3 借入金の増減別に見た企業の収益の推移
ここまでは企業規模別に見た借入金の推移とその要因について分析してきたが、ここからは同一規模内の企業の中でも、借入金を増加させる企業と減少させる企業の違いについて分析していく。
■借入金の変化状況別に見た企業の推移
まず、借入金の変化状況別に企業の動向を確認する。第2-5-12図は、借入金が増加している企業と減少している企業の割合の推移を見たものである。大企業は1990年代初頭までは借入れが増加している企業と減少している企業の割合が同水準であったが、1990年代半ば以降は減少している企業の方が多くなっており、その乖離幅は拡大傾向にある。中小企業は1980年代半ば以降減少させている企業の割合が高く、その乖離幅も大企業同様に拡大傾向にある。このように、1990年代半ば以降は企業規模の大きさを問わず、金融機関からの借入金が増加している企業よりも、借入金が減少している企業の数の方が、相当程度上回っている。
ただし、この借入金の増減別に見た企業の割合は、借入金の増減量は考慮していないため、前項までで見てきた企業規模別の借入金の推移とは異なる動きをしている。これは企業が資金を調達する際、1年間に必要な資金を一度に調達するなど、資金をまとめて調達するケースが多いためであり、単純に借入金が減少している企業の割合が高いことは、借入金の総量が減少していることとは異なる点に留意が必要である。

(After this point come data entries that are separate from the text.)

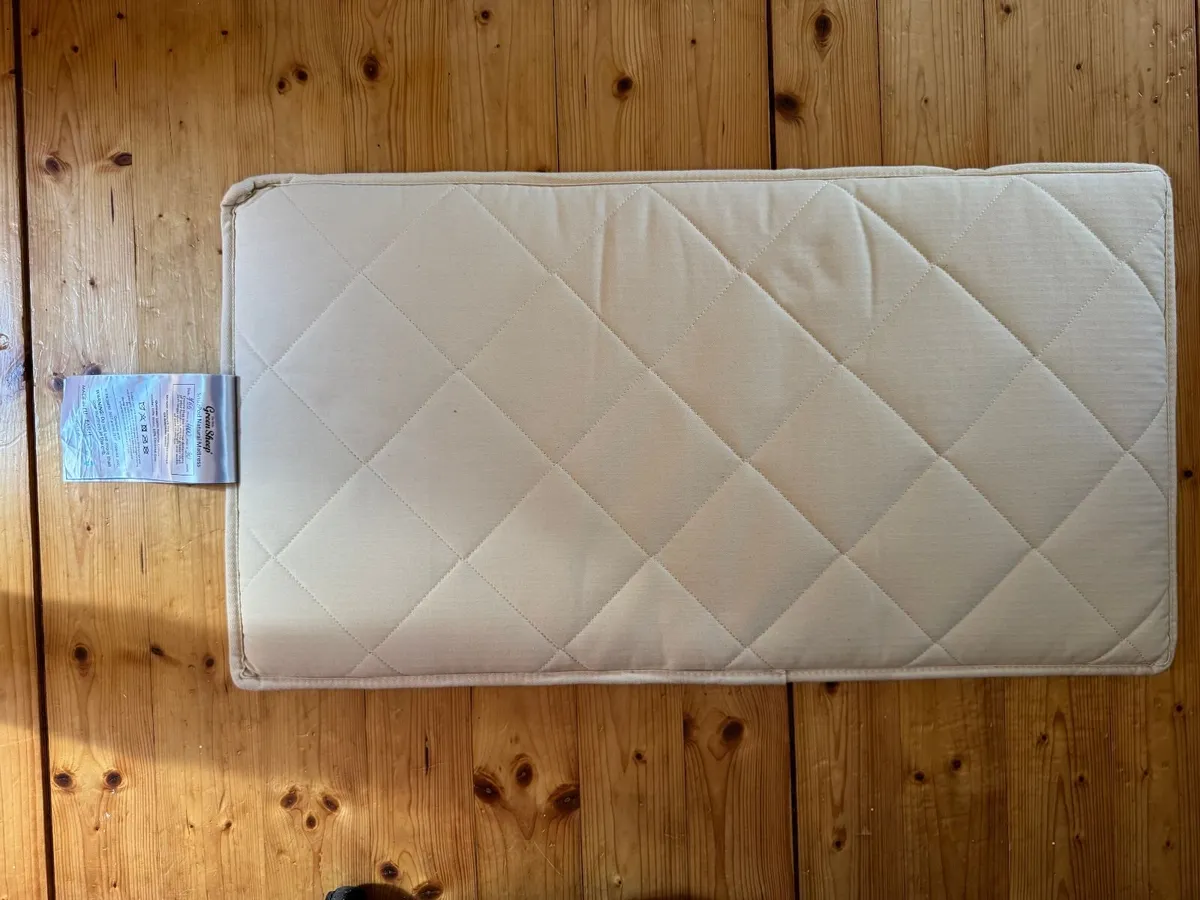 The Little Green Sheep Snuzpod Natural Mattress - Image 2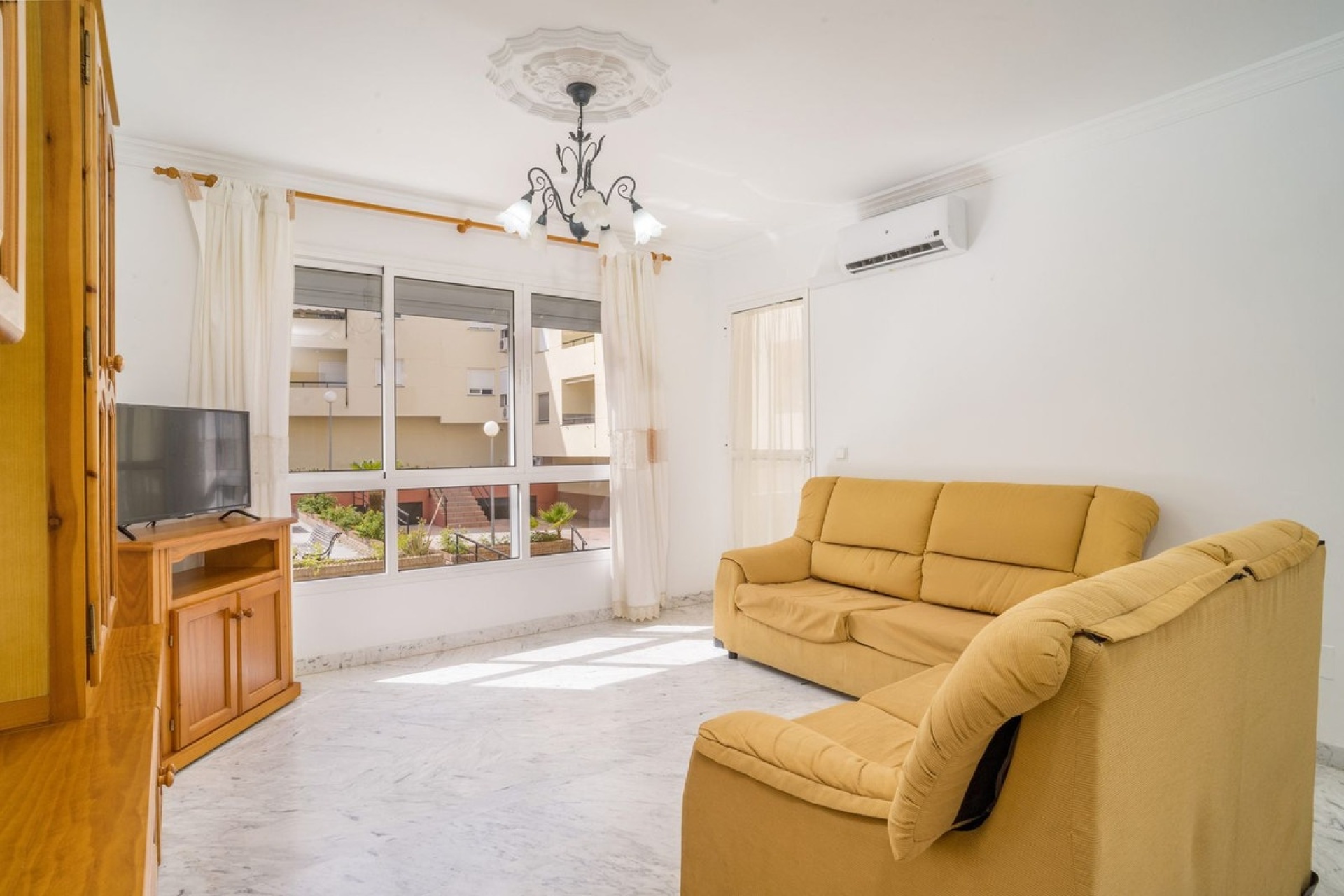 Wiederverkauf - apartment - Estepona - Estepona Centro
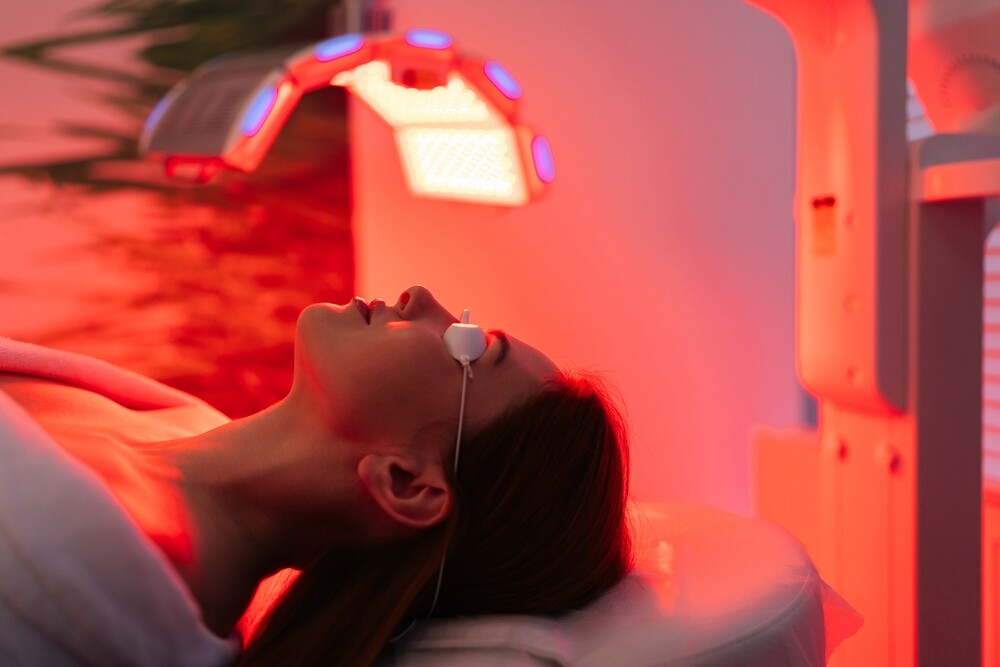 red light therapy session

■借入れが増加している企業と減少している企業の財務状況
次に借入れが増加している企業と減少している企業の収益力の違いについて、見ていく。なお、ここでは収益力を示す指標を経常利益率とする。第2-5-13図は、借入金の変化状況別に見た経常利益率平均の推移を見たものである。中小企業・大企業共に借入金が増加している企業に比べて、減少している企業の方が、収益力が高いことが分かる。これは、収益力が高い企業ほど、内部留保の蓄積が進み、借入金の返済が進んでいるということが考えられる。また、借入れが減少している企業は、中小企業・大企業共に経常利益率が同じ水準であり、利益率が高く借入れを減少させている企業は企業規模が変わってもその収益水準は変わらないことがいえる。

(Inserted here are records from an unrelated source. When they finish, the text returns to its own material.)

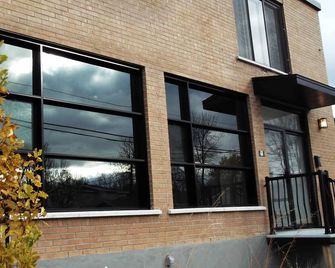 Open Air Condo! EV Charging Station! Private courtyard, 10-minute casino - Châteauguay - Building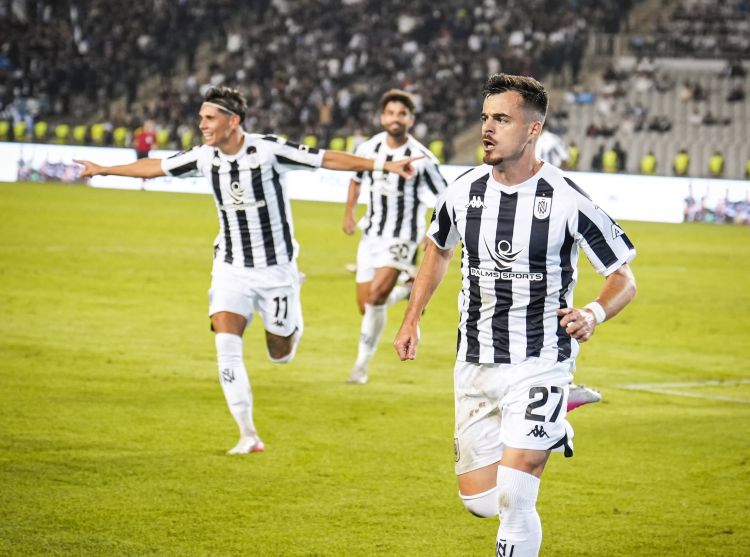 “Neftçi” Azərbaycan çempionatlarında 700-cü səfər qolunu vurub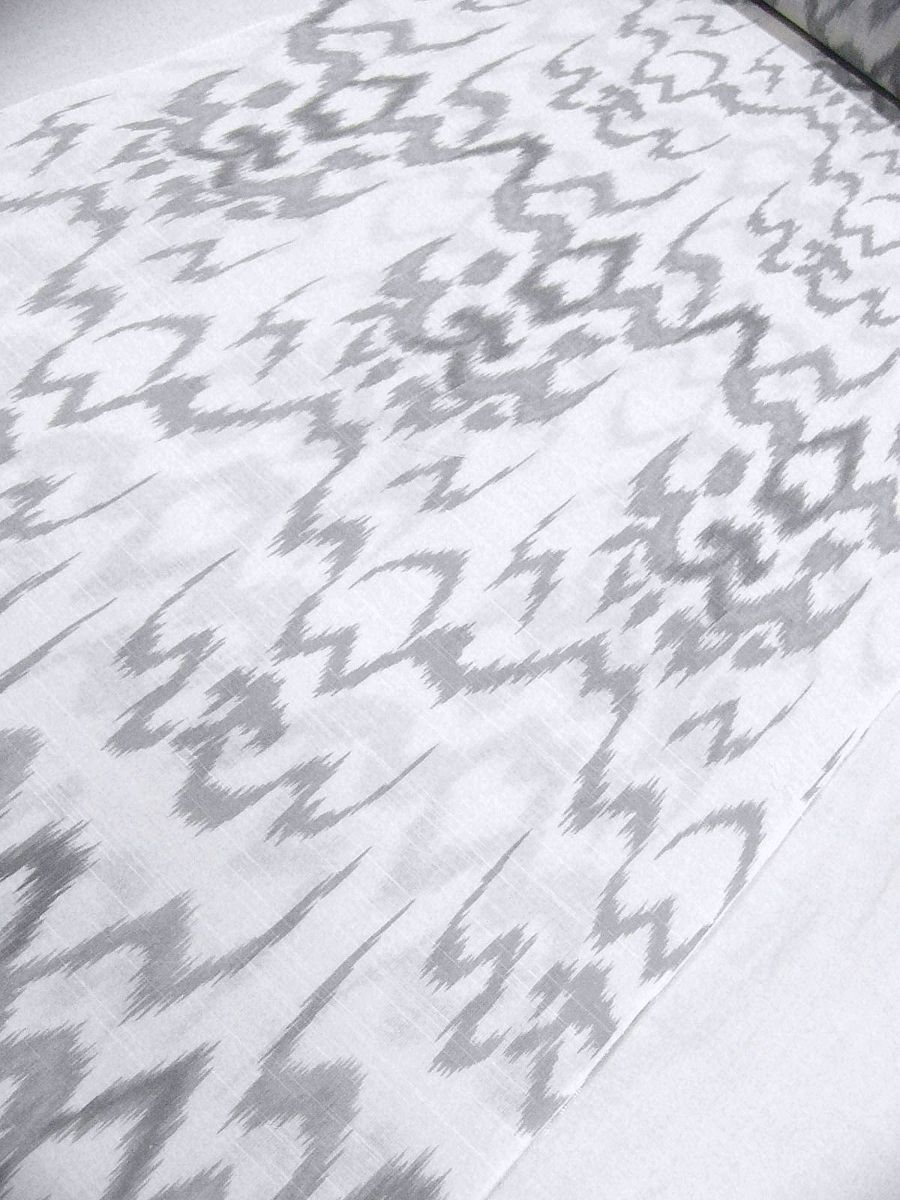 2020「龍村美術きもの」ブランド　日本製　綿紬風・変織生地　綿のゆかた反物　白色地_画像3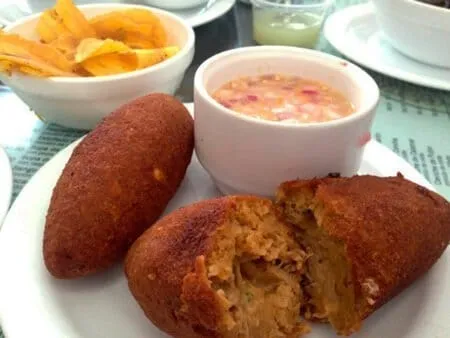 Corviche - Platos tipicos costa ecuatoriana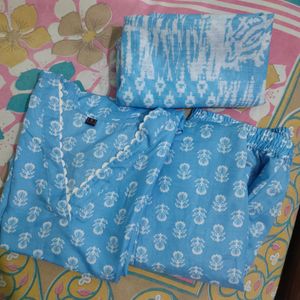 Blue Printed Sleeveless Kurta Set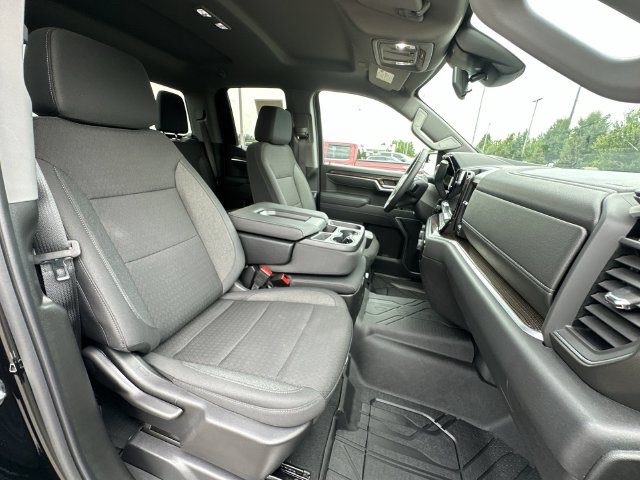 Thumbnail: 2026 Chevrolet Silverado 1500 - 25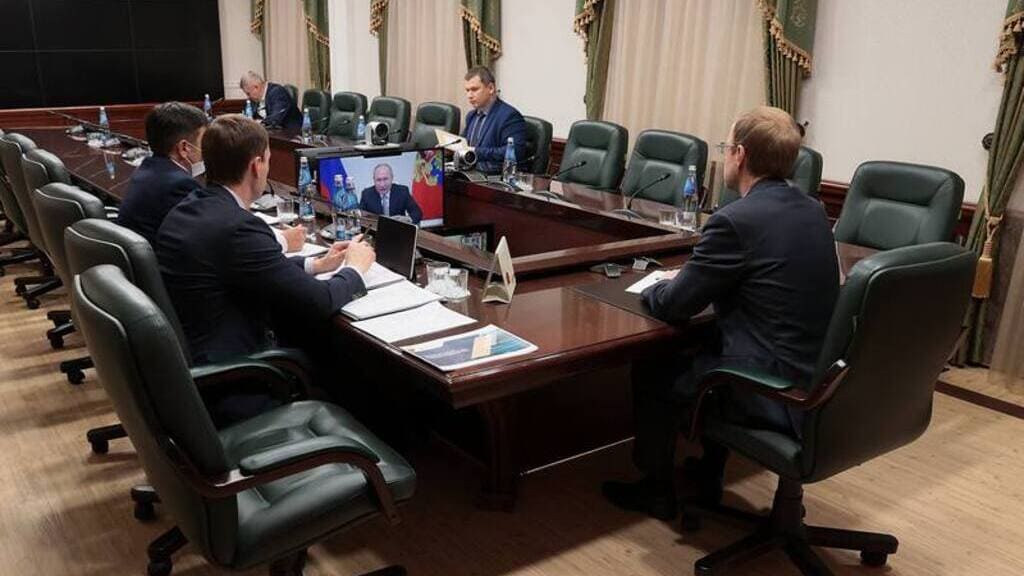 Губернатор Виктор Томенко принял участие в заседании по вопросам транспортного развития Фото №1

借入れが増加している企業と減少している企業の利益率の差を見ると、中小企業は大企業に比べ高い水準にある。また、規模別にその推移を見ると、大企業は80年代初頭の2%から80年代後半にかけて1%前半まで低下し、その後バブル期には2%台に上昇するが、以降は2000年代後半まで緩やかに低下していく。2008年のリーマン・ショック時に再び2%台まで上昇するが、以降は再び低下しており、足下では1%台半ばとなっている。このような動きは中小企業でも同様に見られるが、中小企業においてはほぼ全ての景気後退期にこの差が拡大していることがいえる。

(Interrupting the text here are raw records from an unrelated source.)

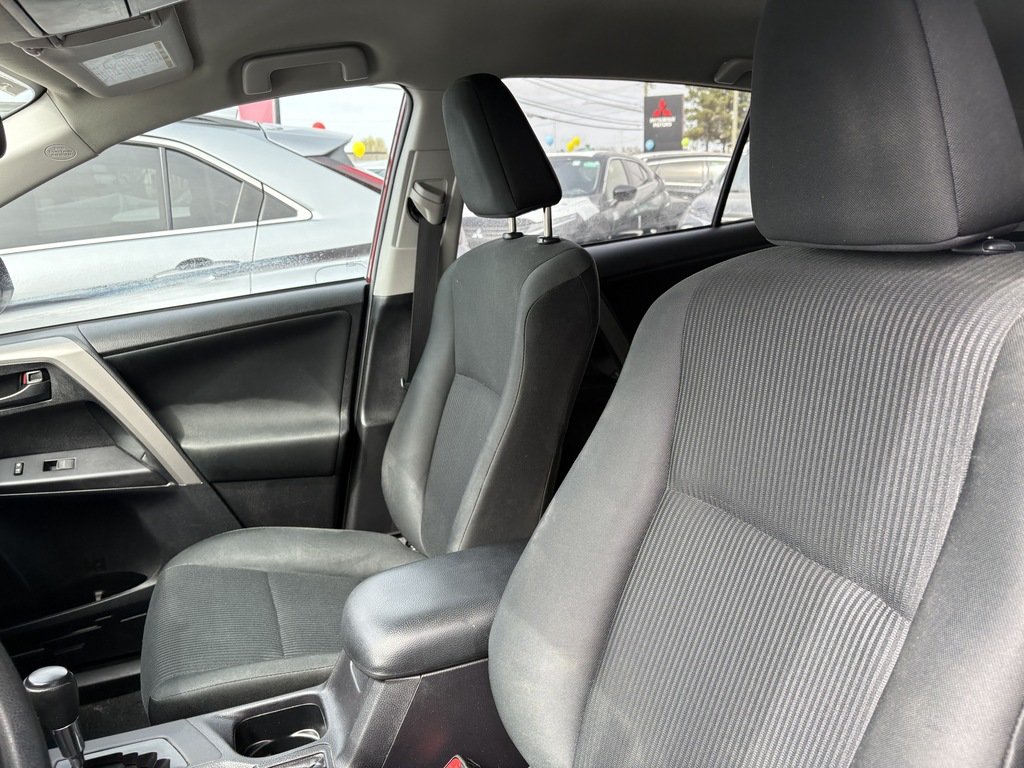 2018 Toyota RAV4 LE   AWD   BU CAM   HTD SEATS   LANE DEPARTURE in Oakville, Ontario - 13 - w1024h768px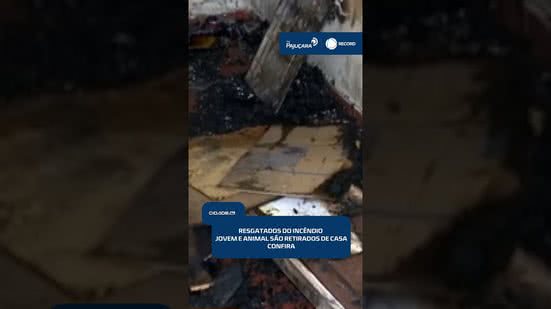 Jovem com autismo é resgatado durante incêndio ao lado do animal de estimação | #CidadeAL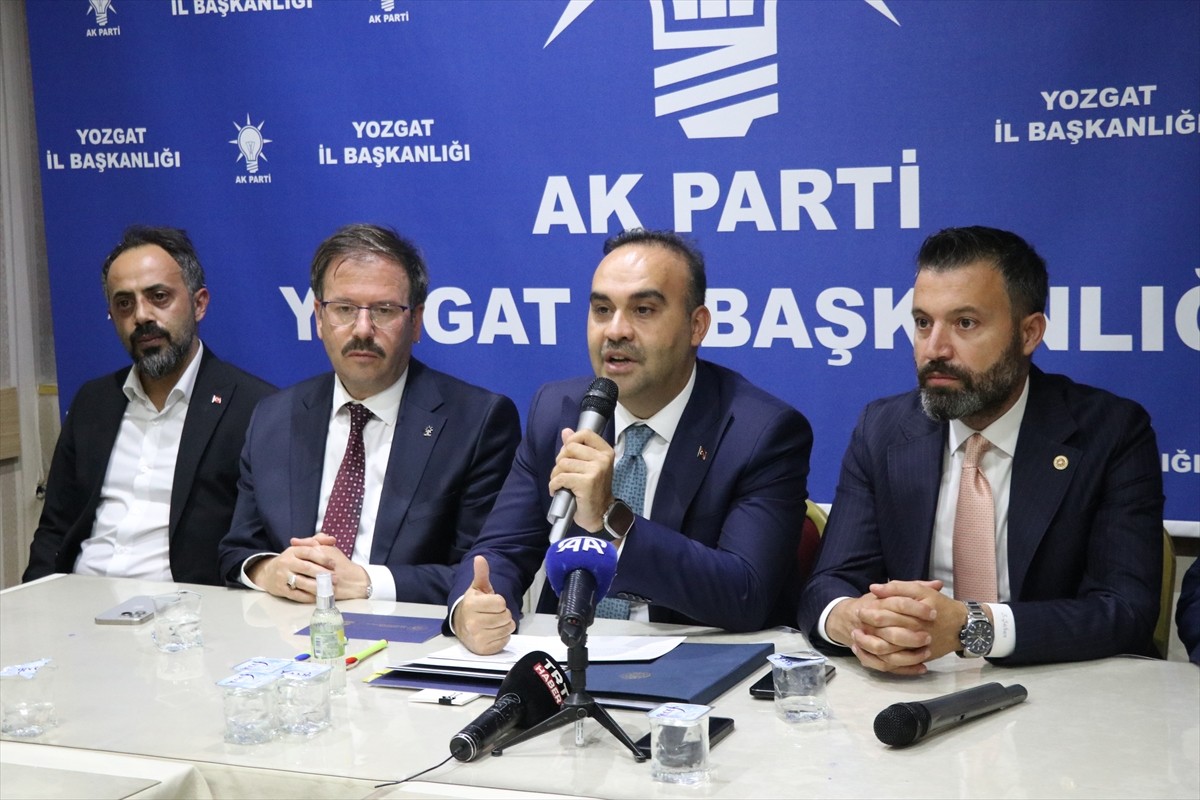 Sanayi ve Teknoloji Bakanı Mehmet Fatih Kacır, AK Parti Yozgat İl Başkanlığını ziyaret ederek...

こうした借入れを増加させている企業と減少させている企業の利益率の差は金融機関のリスク許容度合いを示す指標になると考えられる。つまり、借入れを減少させている利益率の高い企業よりも、相対的に利益率が低い企業に対して貸出しを増加させるとその利益率の差は拡大するため、この差が拡大することは金融機関がリスクを許容した結果であると推測できるからである。この考えをもとに再び第2-5-13図を見ると、中小企業においては、景気後退期には企業の支援をすべく金融機関のリスク許容度合いが上昇しているものの、景気拡張期にはリスク許容度合いが弱まっており、長期的には90年代半ばの2%強から足下の1%強まで弱まっているといえる。ただし、直近では上昇傾向にあり、再びリスクの許容度合が上昇する兆しが見られる。